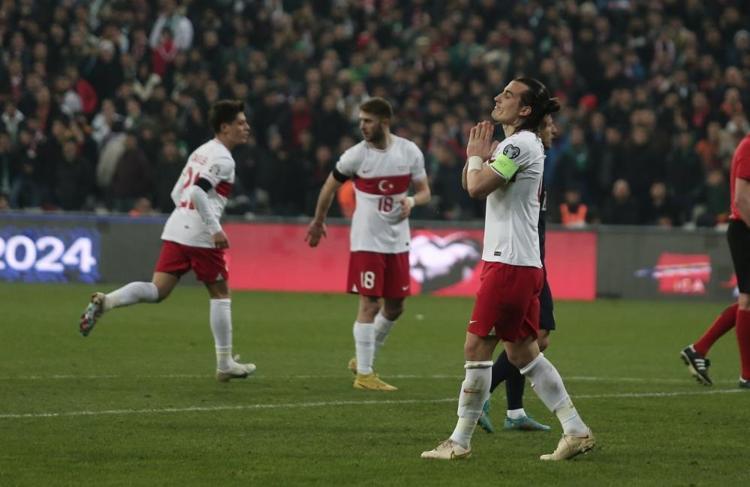 Nihat Kahveci mağlubiyetin sebebini açıkladı, Çağlar Söyüncüyü örnek gösterdi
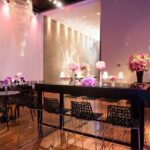 Mesa Balcão Alta em Laca com Tampo Espelho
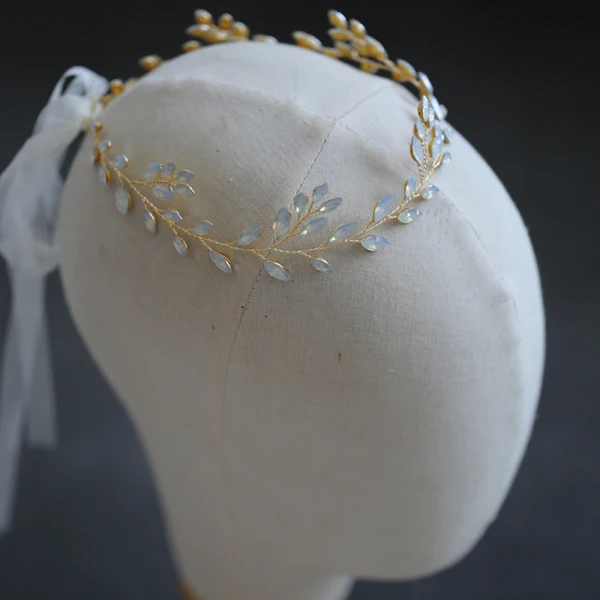 Elegant Gold Headbands Bridal Hair Accessories 2020 Metal Lace-up Rhinestone Headpieces Bridal Accessories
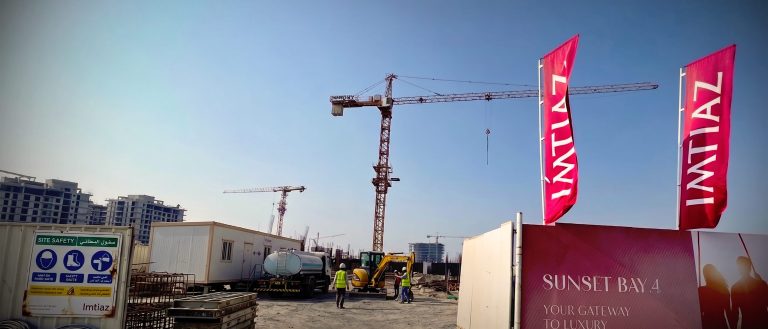 Rapid-Response Advertising Signage for Deira Island Development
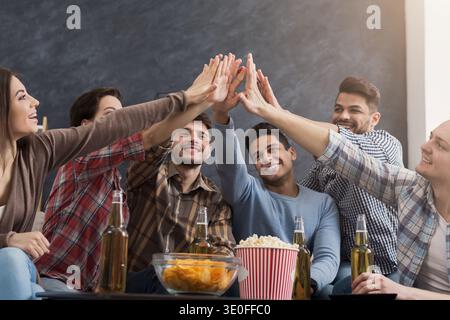 Amis multiraciaux donnant haut cinq ensemble Banque D'Images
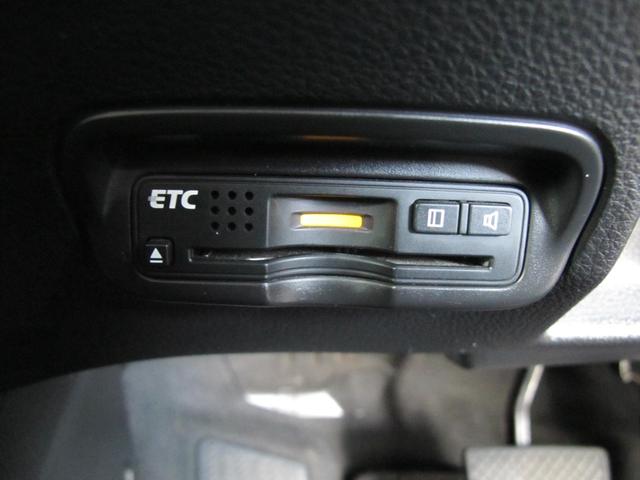 ヴェゼル ハイブリッドＸ　禁煙・インターナビ・フルセグＴＶ・Ｂカメラ・Ｂｌｕｅｔｏｏｔｈ接続・あんしんパッケージ・クルコン・ＬＥＤライト・パドルシフト・電格ミラー・スマートキー・純正１７インチアルミホイール（31枚目）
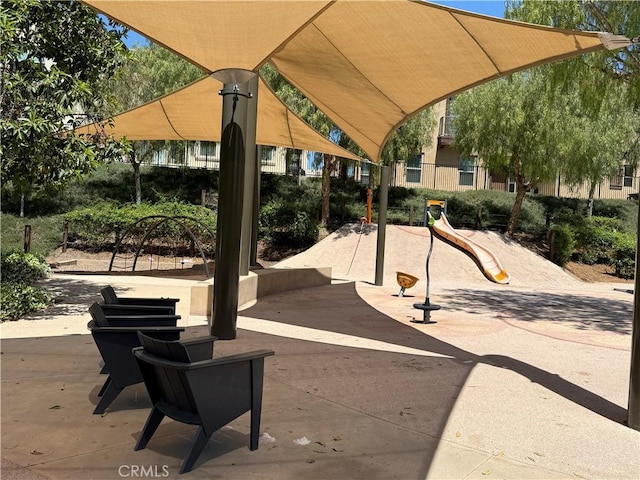 2454 Nova Way, Corona, CA 92883 - view of property's community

==============================

What to do:
Only the lines from the one containing "ヴェゼル ハイブリッドＸ　禁" through the final line of the records should be retyped, exactly, with every picture omitted.

Answer space:
 ヴェゼル ハイブリッドＸ　禁煙・インターナビ・フルセグＴＶ・Ｂカメラ・Ｂｌｕｅｔｏｏｔｈ接続・あんしんパッケージ・クルコン・ＬＥＤライト・パドルシフト・電格ミラー・スマートキー・純正１７インチアルミホイール（31枚目）
 2454 Nova Way, Corona, CA 92883 - view of property's community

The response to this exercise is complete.